Certes, les Springboks d’Afrique du Sud sont largement au-dessus de la mêlée. Double champions du monde (1995 et 2007), leur suprématie est pour le moment incontestable. À tel point qu’ils sont qualifiés d’office pour chaque coupe du monde. Derrière, le débat pour la seconde place qualificative est plus animé.
Généralement, ce sont les Namibiens qui raflent la mise. Pour la troisième fois consécutive, ils iront se frotter au gratin de la planète rugby. Mais leur qualification n’est pas toujours de tout repos. « On est passé à un doigt de la coupe du monde 2003, se rappelle Ramzi Zoghlami, sélectionneur du XV de Tunisie. Lors du match retour contre la Namibie à Tunis, on loupe la qualification en prenant une pénalité à 30 secondes de la fin ».
Mais pour la coupe du monde en Nouvelle-Zélande, les Tunisiens se sont encore cassé les dents sur le pack namibien. À leurs côtés, Marocains, Kenyans, Zimbabwéens ou plus récemment Ivoiriens viennent régulièrement jouer les trouble-fêtes sur la scène continentale.
"Super esprit de camaraderie"
En quelques années, l’ovalie s'est étendue à tous les pays d’Afrique. Les équipes qui ne se disputent pas la qualification en coupe du monde participent à des tournois régionaux. C’est le cas des Intambwe (lions en kirundi) du Burundi. Tous les ans, ils disputent le Castel Super 16 avec le Rwanda et la Tanzanie.
Mbirizi Emmanuel, 32 ans, est le demi de mêlée des Intambwe et « le plus ancien de l’équipe ». « J’ai commencé le rugby avec des expatriés à Bujumbura. Peu à peu, j’ai ramené des amis burundais. Aujourd’hui, l’équipe nationale est surtout une bande de copains du quartier, une sorte de grande famille avec un super esprit de camaraderie ».

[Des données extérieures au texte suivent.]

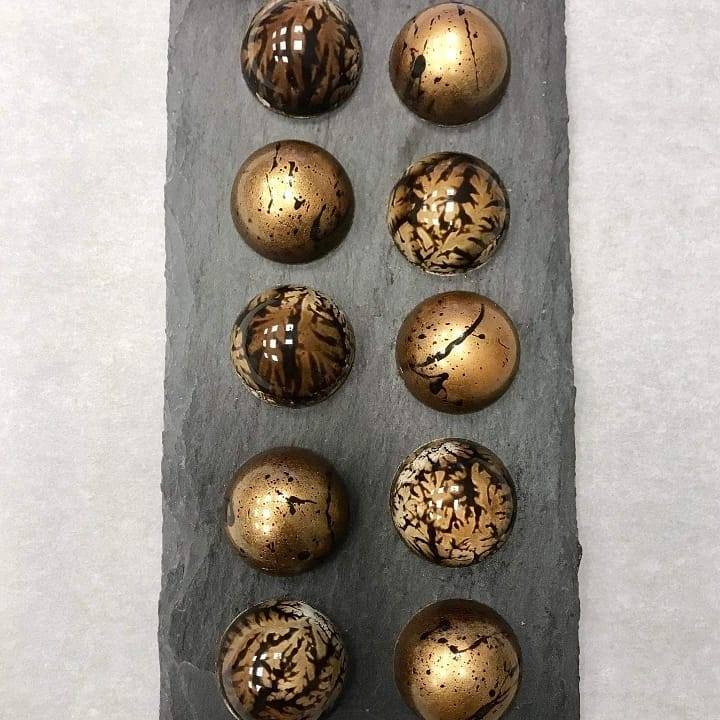 Bronze and marbled artisan chocolate bonbons arranged on black slate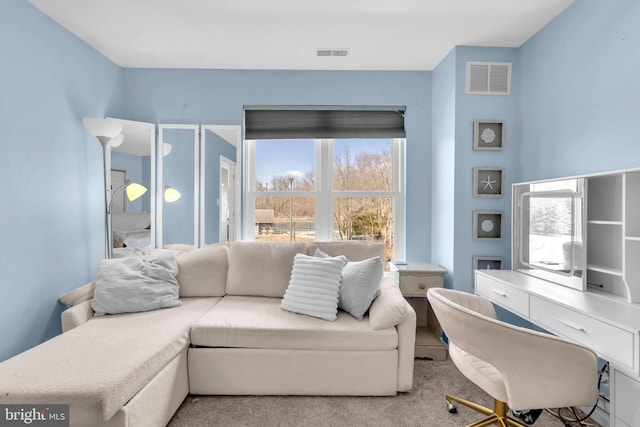 carpeted living room featuring visible vents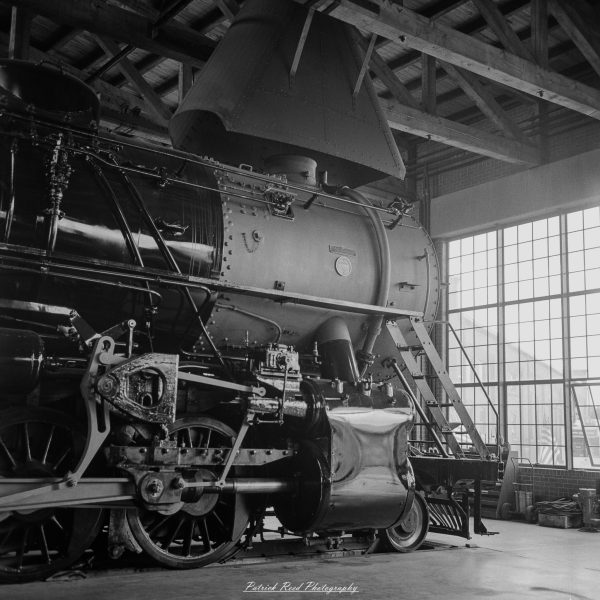 Close-up of a steam locomotive’s front and wheel assembly inside an industrial train hall.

Lorsqu’on l’interroge sur ses meilleurs souvenirs, il répond sans hésiter : « les voyages en bus de trois jours pour aller disputer des tournois en Tanzanie ou au Rwanda ». L’idole d’Emmanuel, c’est Carlos Spencer, ancien maître à jouer des All Blacks. « Un as, un demi d’ouverture terrible ! » s’exclame le rugbyman burundais. Cette année, comme d’habitude, il soutiendra l’Afrique du Sud par solidarité continentale.
Une question de temps
Malgré un manque de moyens et d’infrastructures encore flagrant, le rugby africain progresse dans l’ombre des grands frères sud-africains et namibiens. « Les Africains sont acquis à l’idée que le rugby n’est plus un sport de Blancs, souligne Guédel Ndiaye, président de la fédération sénégalaise de rugby. Aujourd’hui, ça joue partout en Afrique, c’est impressionnant ».

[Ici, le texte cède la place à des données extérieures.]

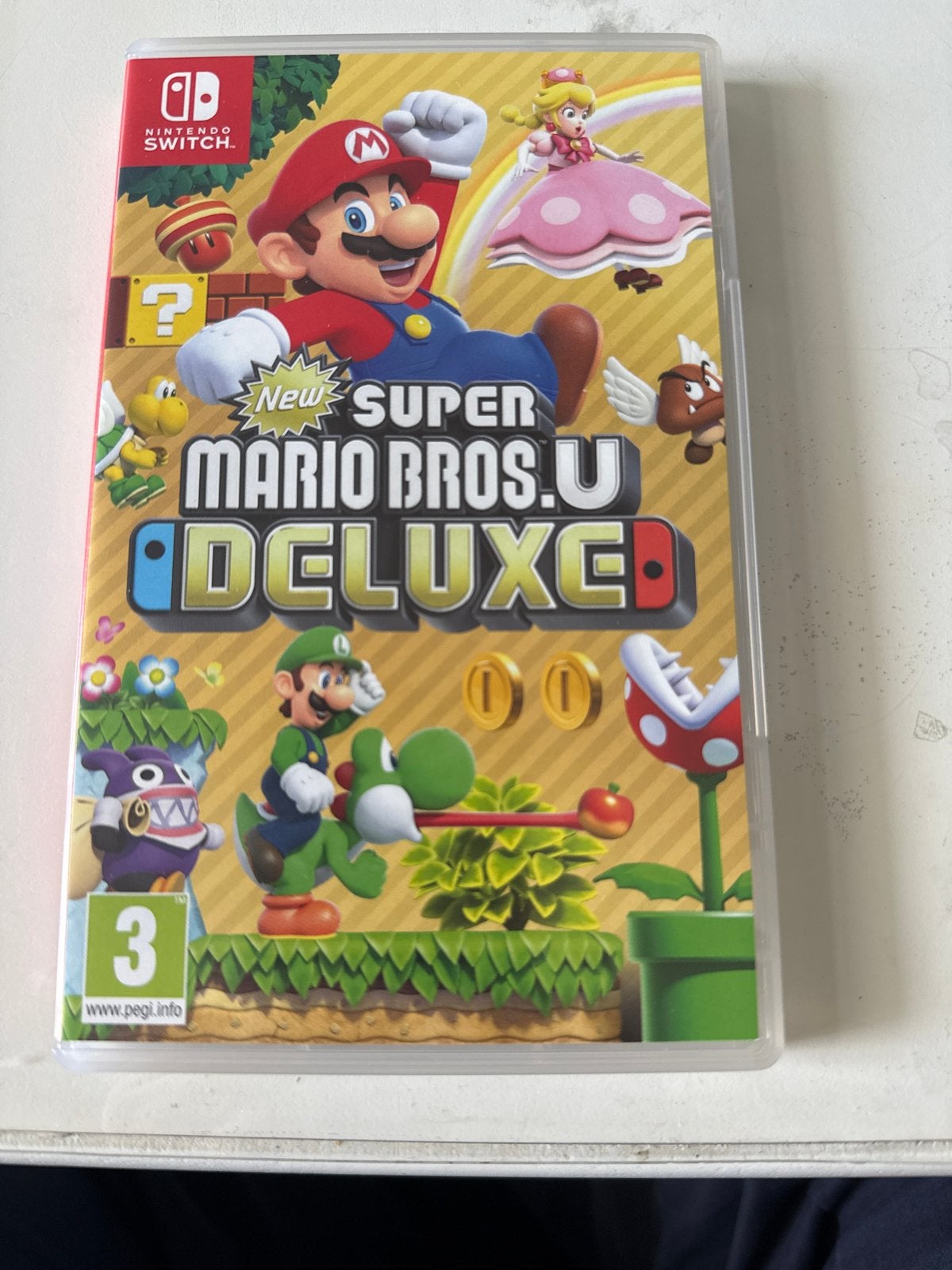 New Super Mario Bros. U Deluxe - Nintendo Switch, Spelcomputers en Games, Games | Nintendo Switch, Zo goed als nieuw, Platform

Un peu partout, des écoles de rugby se construisent, des tournois s’organisent. Chaque pays dispose désormais de son championnat interne. Côté joueurs, « la plupart des titulaires des grandes équipes africaines jouent dans les meilleurs clubs français », ajoute M. Ndiaye.

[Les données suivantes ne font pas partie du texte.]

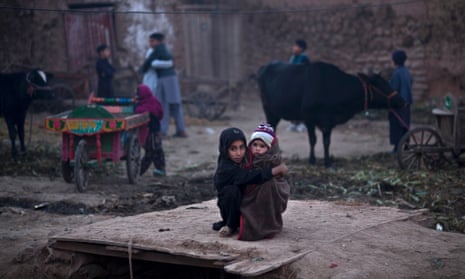 A Pakistani girl holds her brother wrapped with a blanket in the evening cold in Islamabad.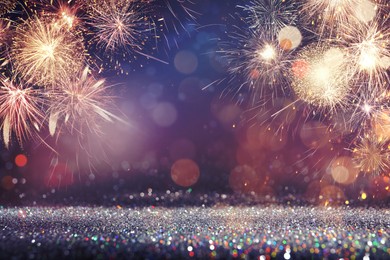 Image of 4th of July - Independence Day of USA. Festive background with fireworks and glitters, bokeh effect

D’après le patron du rugby sénégalais, l’émergence du rugby africain n’est qu’une question de temps. « On a de bons joueurs mais ils n’ont pas encore la culture rugby, analyse-t-il. Aujourd’hui, les gamins commencent de plus en plus tôt dans des structures mieux organisées. Dans quelques années, les gens vont être surpris ! ». Encore un peu de patience et, sur le continent, on ne considérera plus le ballon comme forcément rond.